Jolly Bhattacharjee is originally from India, and migrated to Canberra in 2014. She has been published in Woroni and loves writing poems that connect her to her homeland and to this beautiful Aussie land.
I sit by the window, watching the rain –
filled with a strange nostalgia –
I am tempted to make poha and chai.
In my Aussie kitchen, I take a pot and put oil to heat
then come mustard seeds and curry leaves —
Amidst the spluttering seeds and leaves, I delve into my childhood
and there stands Kanta masi who cooked on the little choolha
aromating our chauka —
Now I add haldi, mirchi and kanda
and garnish with coriander,
O what a tempting poha is made –
Ab aayi chai ki baari, aur main karne lagi tayyari
I pour the chai patti into the boiling pot —
the changing colour encircles my thoughts –
cardamom, sugar and milk to add the magic touch
I pour the tea into my cup—
Enjoying my poha with my chai ka mug
I sit by the window, watching magpies
which resemble the crows of my hometown.
Still rejoicing at changing places and changing faces –
from gum trees to desi neem –
Waiting for friends in a similar way –
once it was Sharada, today it is Sammy –
to share the chai ki pyali and the poha ki thali
Poha is a nutritious, fuss-free breakfast that is very popular in Maharashtra.
This piping hot mouth-watering dish has a yellow texture and is finished off with lemon juice and garnished with coriander leaves.

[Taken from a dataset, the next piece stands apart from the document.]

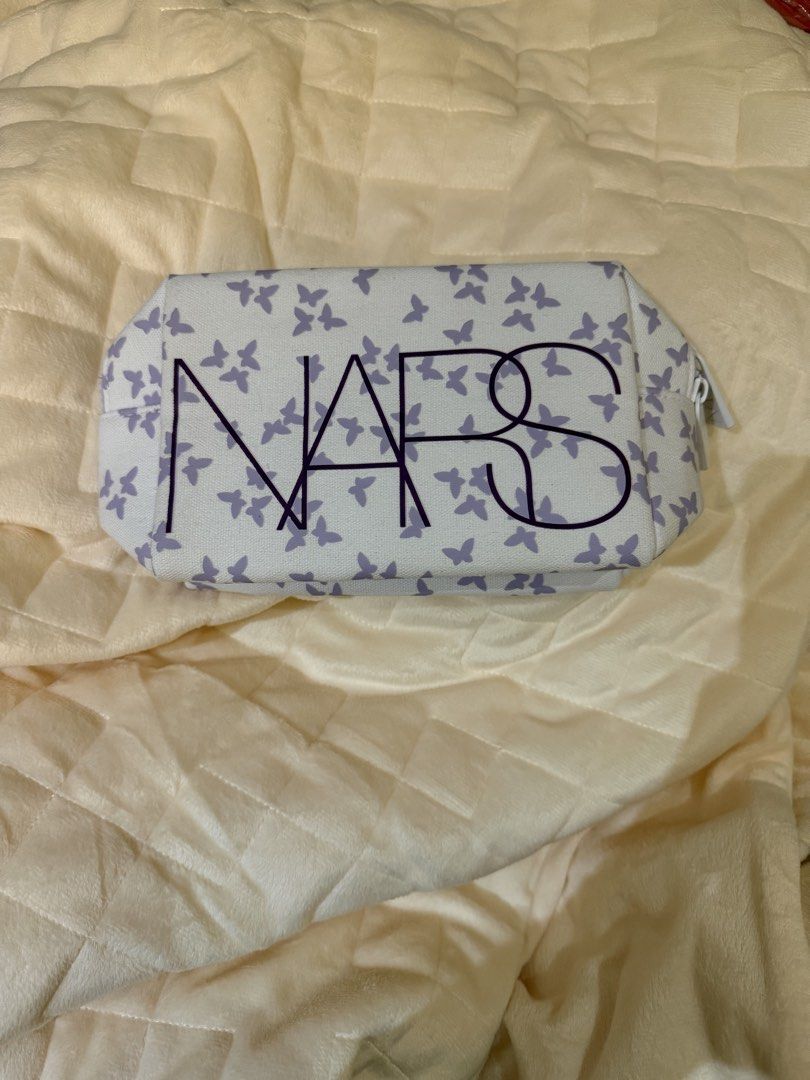 NARS Butterfly Print Cosmetic Bag (Category: Purses & Pouches) located in Muntinlupa City. Submitted by everythingmustgo_8475da (Listing ID 1461486590, Image 1). Description: - Cute NARS makeup bag - White base with all-over purple butterfly print - Zipper closure with NARS branded pulls - Small silica gel packet still inside - Ideal for organizing makeup or toiletries.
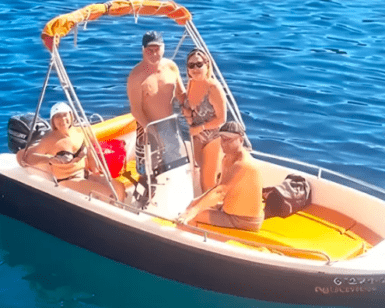 Cuatro personas se relajan en una pequeña embarcación en las cristalinas aguas de Menorca, disfrutando del sol. Sentados o de pie, todos disfrutan de la libertad de estar a bordo de la Lancha Sin Licencia en Menorca bajo un cielo radiante. - ForTwo - Planes para parejas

This kanda poha (onion poha) recipe is testimony to the fact that the simplest things in life are often the best. This recipe goes best with traditional, home-made tea.

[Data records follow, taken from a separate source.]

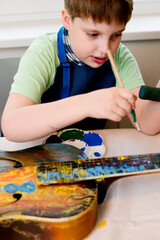 Kid have fun painting guitar. Color gouache art therapy lesion. Fine motor skills. Preschool or special needs tasks. Early education of children. Montessori methodology.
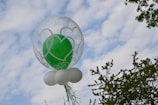 A balloon cluster with a transparent outer balloon decorated with white heart motifs surrounding a solid green balloon inside. Below, small white balloons form a base. They are positioned against a partly cloudy sky, with some tree branches visible in the background.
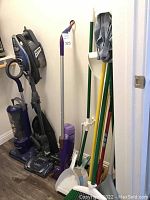 Full view of cleaning tools in corner: two upright vacuums (Hoover Optima and Bissell Rocket), multiple brooms, mops, white dustpans, mop heads with cloths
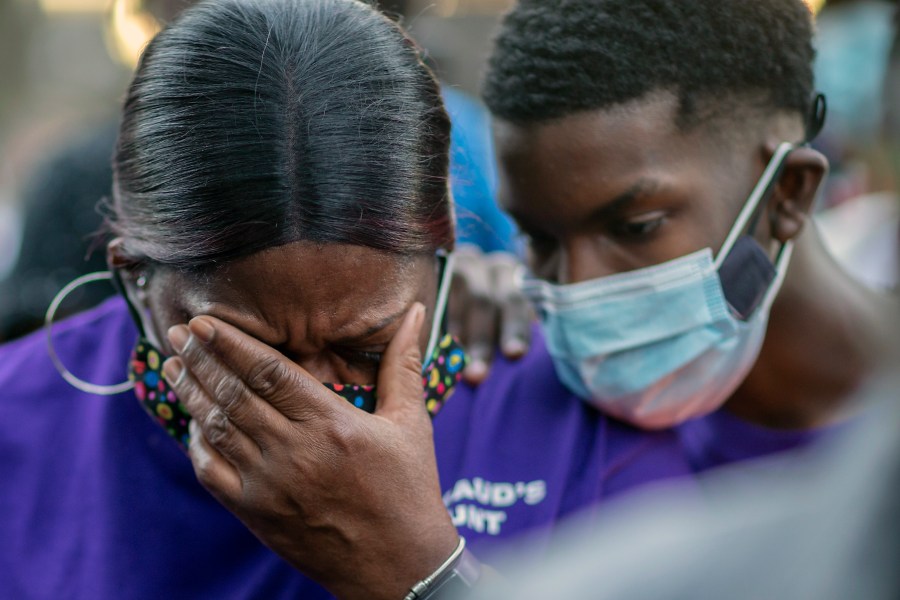 Evon Arbery, Ahmaud Arbery's aunt, left, is comforted by family during a memorial walk and candlelight vigil for her nephew in Brunswick, Ga., on Feb. 23, 2021. (Stephen B. Morton / Associated Press)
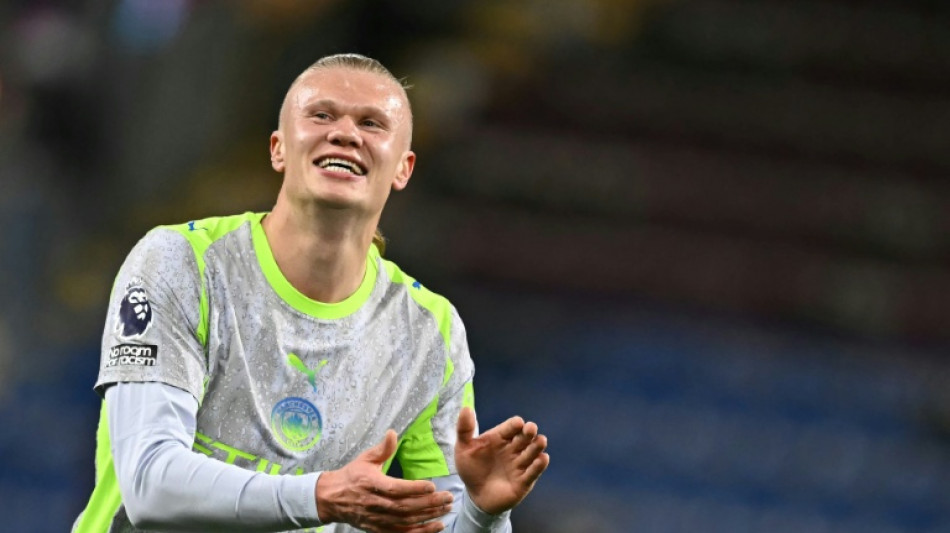 Manchester City go top of Premier League as Burnley relegated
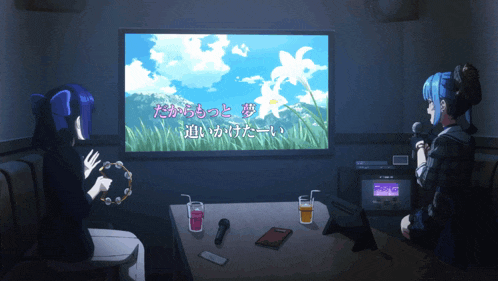 two girls singing in front of a screen that says ' a ' on it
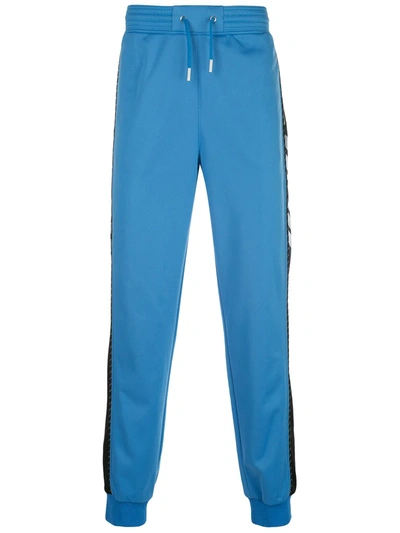 Givenchy Reflective Logo Stripe Track Pants In Blue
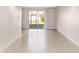 View of living room with sliding glass doors at 2015 Grand Oak Dr, Kissimmee, FL 34744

200 grams of poha (pressed rice, thick variety)
20-30 peanuts (with skin)
1 medium-sized onion, chopped
Salt to taste
1/2 teaspoon of sugar
2 tablespoons of oil
1 teaspoon of mustard seeds
5 – 6 curry leaves
Green chillies (as required)
1/2 teaspoon of turmeric powder
1 teaspoon of lemon juice
2 tablespoons of fresh coriander leaves, chopped
Preparation time: 6 – 10 minutes Cooking time: 16 – 20 minutes
Taste: Mild Serves: 2
Wash the poha in a colander, to begin with. The poha should be moist but not mashed. Next, add the salt and sugar and mix gently.
Heat oil in a non-stick pan. Add mustard seeds and curry leaves and sauté for half a minute.
When they begin to splutter, add the onions and peanuts and continue to sauté.
Add the green chillies and turmeric powder after a few minutes, and mix. Sauté for two more minutes and add the poha.
Mix and cook until the poha is heated through.
Finally, add the lemon juice and mix well.
Garnish your poha with coriander leaves and serve hot.